ABOUT THIS TASK
Except for the pictures, reproduce the records word for word.

DATA FOR ANALYSIS
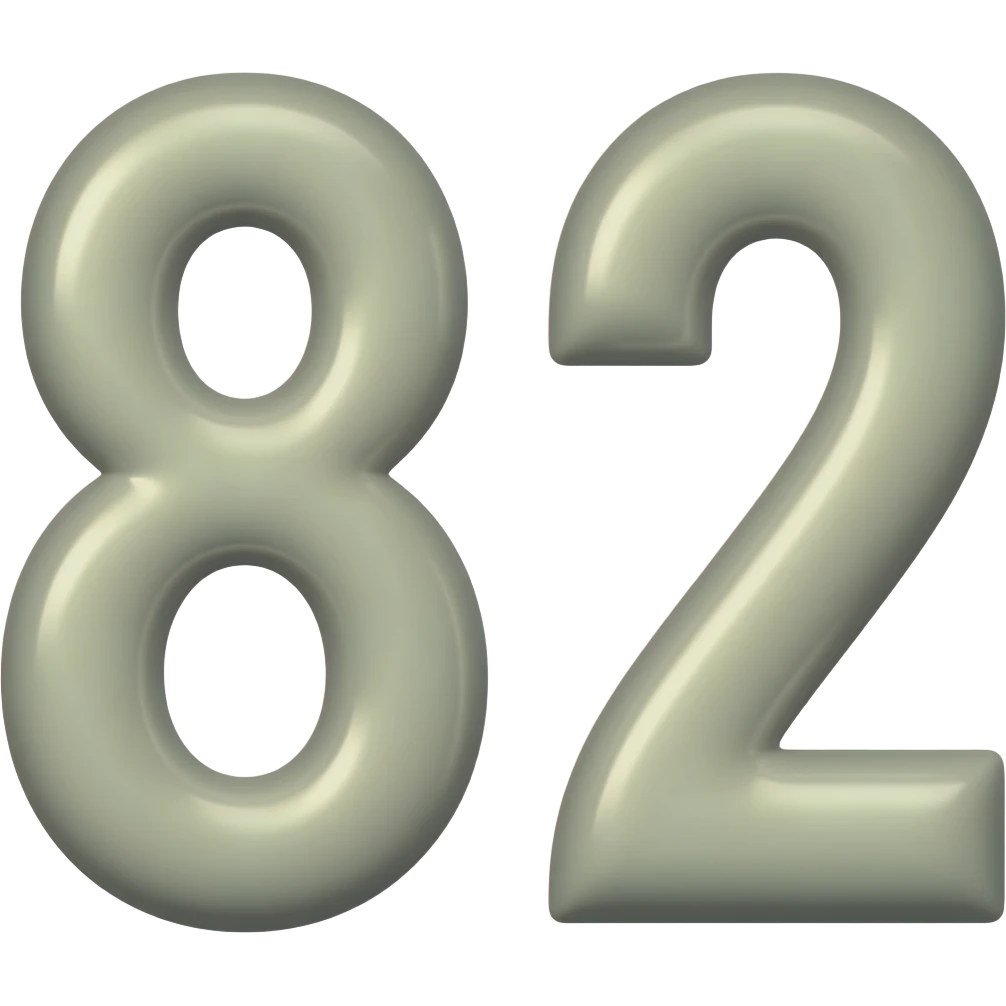 8 2 emoji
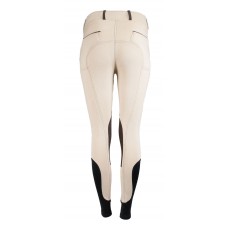 Euro Seat Classic Knee Patch Cotton Breech with Piping-644722
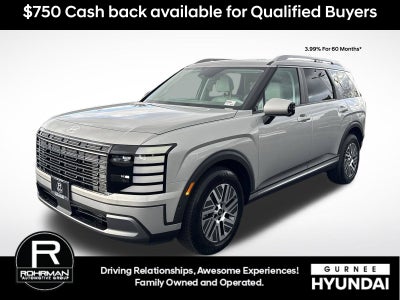 2027 Hyundai PALISADE HYBRID SEL Premium 7 Passenger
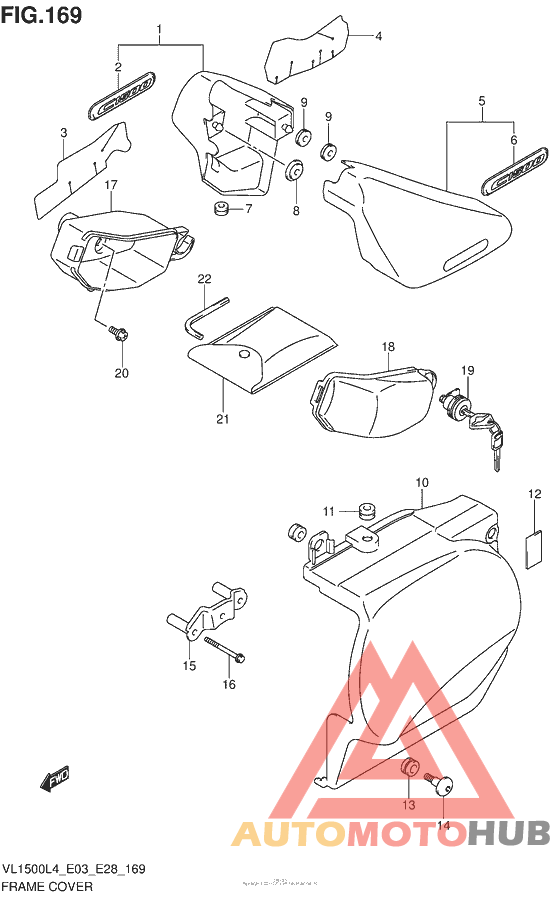 Frame Cover (Vl1500Bl4 E03)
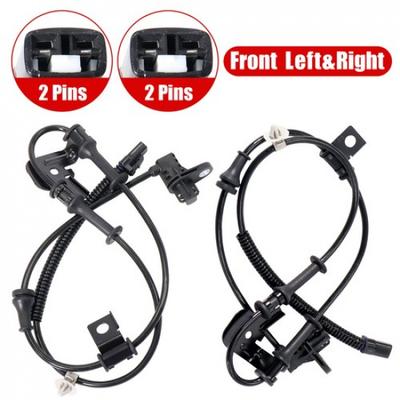 956711R000 2 X ABS Speed Sensor For 2012-2017 Hyundai Accent Front Left Right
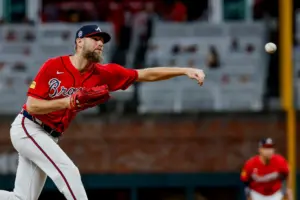 Chris Sale anchors Braves’ depleted rotation in NL Wild Card Series against Phillies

SOLUTION TO THIS PROBLEM
 8 2 emoji
 Euro Seat Classic Knee Patch Cotton Breech with Piping-644722
 2027 Hyundai PALISADE HYBRID SEL Premium 7 Passenger
 Frame Cover (Vl1500Bl4 E03)
 956711R000 2 X ABS Speed Sensor For 2012-2017 Hyundai Accent Front Left Right
 Chris Sale anchors Braves’ depleted rotation in NL Wild Card Series against Phillies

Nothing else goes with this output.